--- Data for analysis Enclosed Below ---

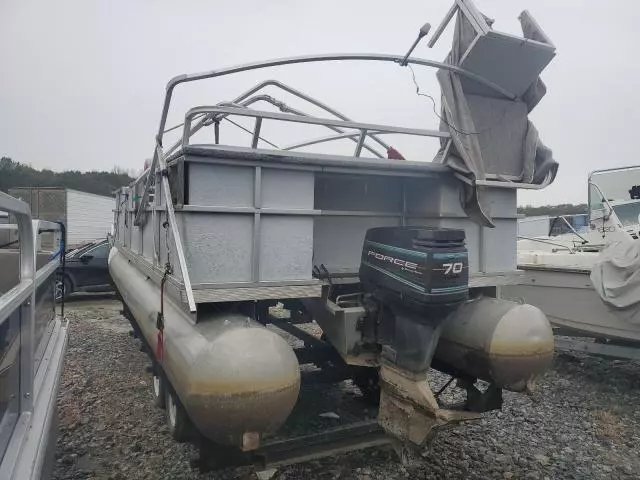 1993 Crestliner Pontooniii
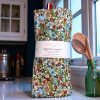 Rouleau de 7 essuie tout lavables motif fleurs vertes en cuisine Rouleau de 7 essuie-tout lavables motif fleurs vertes, posé dans une cuisine, Atelier Julac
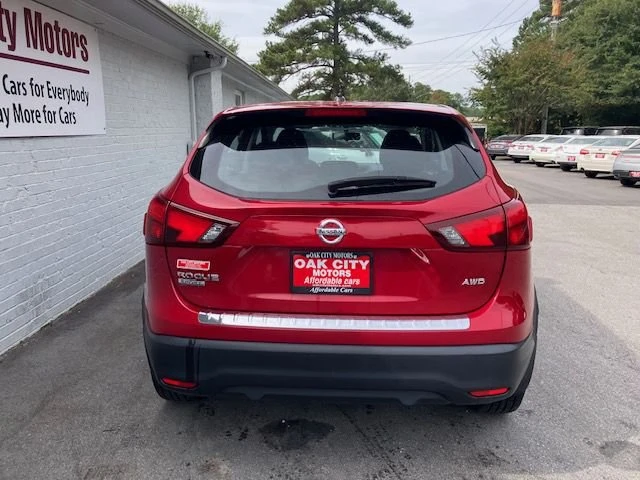 2017 Nissan Rogue - Image 6 of 19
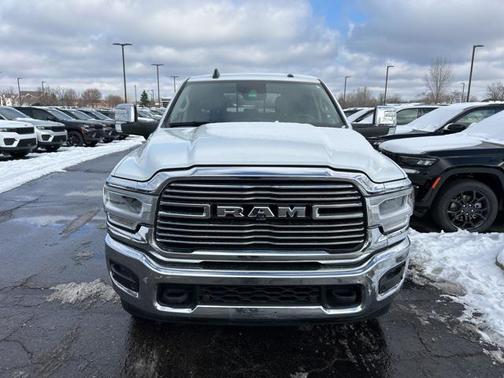 2023 RAM 3500 Laramie Crew Cab 4x4 6'4' Box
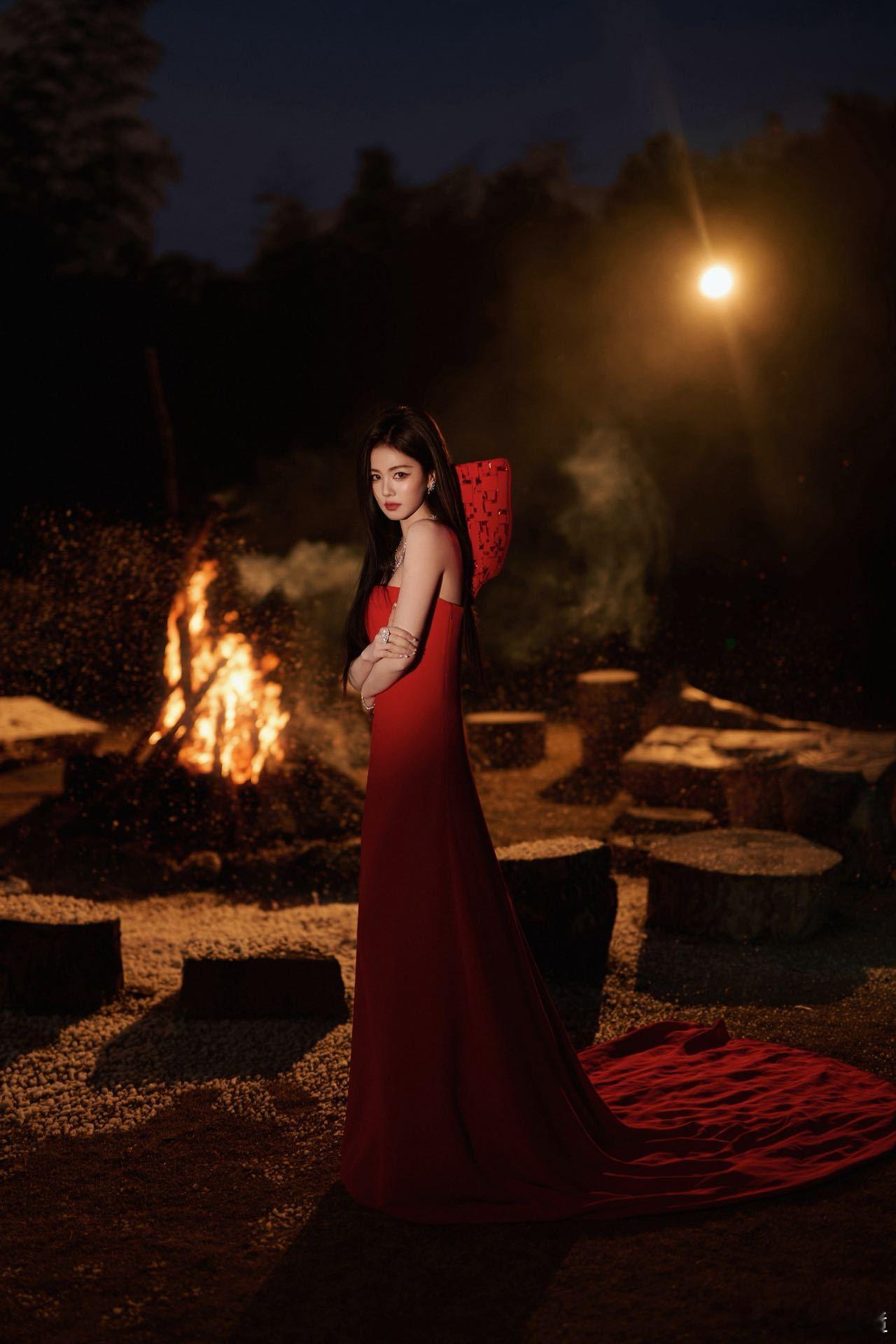 白鹿26年首套高定造型红裙飘逸，光影流转！白鹿26年首套高定造型太绝了，珠宝点缀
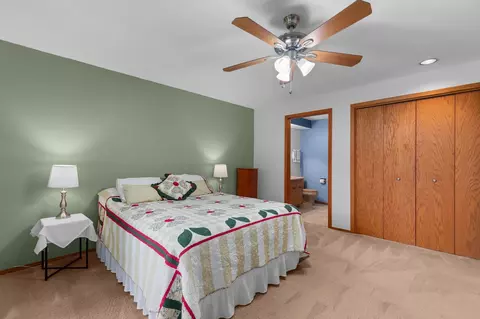 Bedroom - 901 E Windfield Pl #B, Appleton, WI 54911 photo 5 of 7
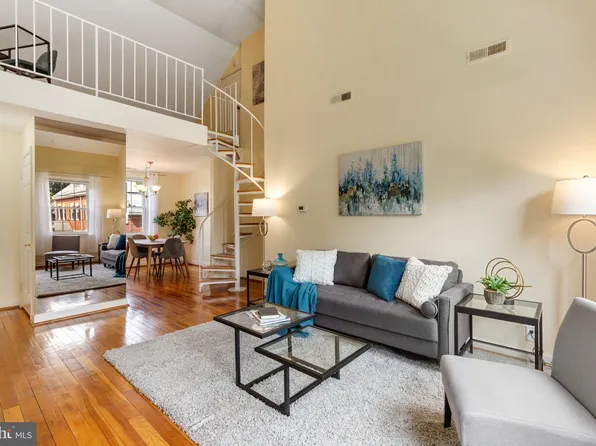3522 S Wakefield St APT B2, Arlington, VA 22206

--- End of Enclosed Data for analysis ---

- [Exercise details]: What you print must match the entries exactly, except that no pictures appear.

- [Solution for this problem]:
 1993 Crestliner Pontooniii
 Rouleau de 7 essuie tout lavables motif fleurs vertes en cuisine Rouleau de 7 essuie-tout lavables motif fleurs vertes, posé dans une cuisine, Atelier Julac
 2017 Nissan Rogue - Image 6 of 19
 2023 RAM 3500 Laramie Crew Cab 4x4 6'4' Box
 白鹿26年首套高定造型红裙飘逸，光影流转！白鹿26年首套高定造型太绝了，珠宝点缀
 Bedroom - 901 E Windfield Pl #B, Appleton, WI 54911 photo 5 of 7
3522 S Wakefield St APT B2, Arlington, VA 22206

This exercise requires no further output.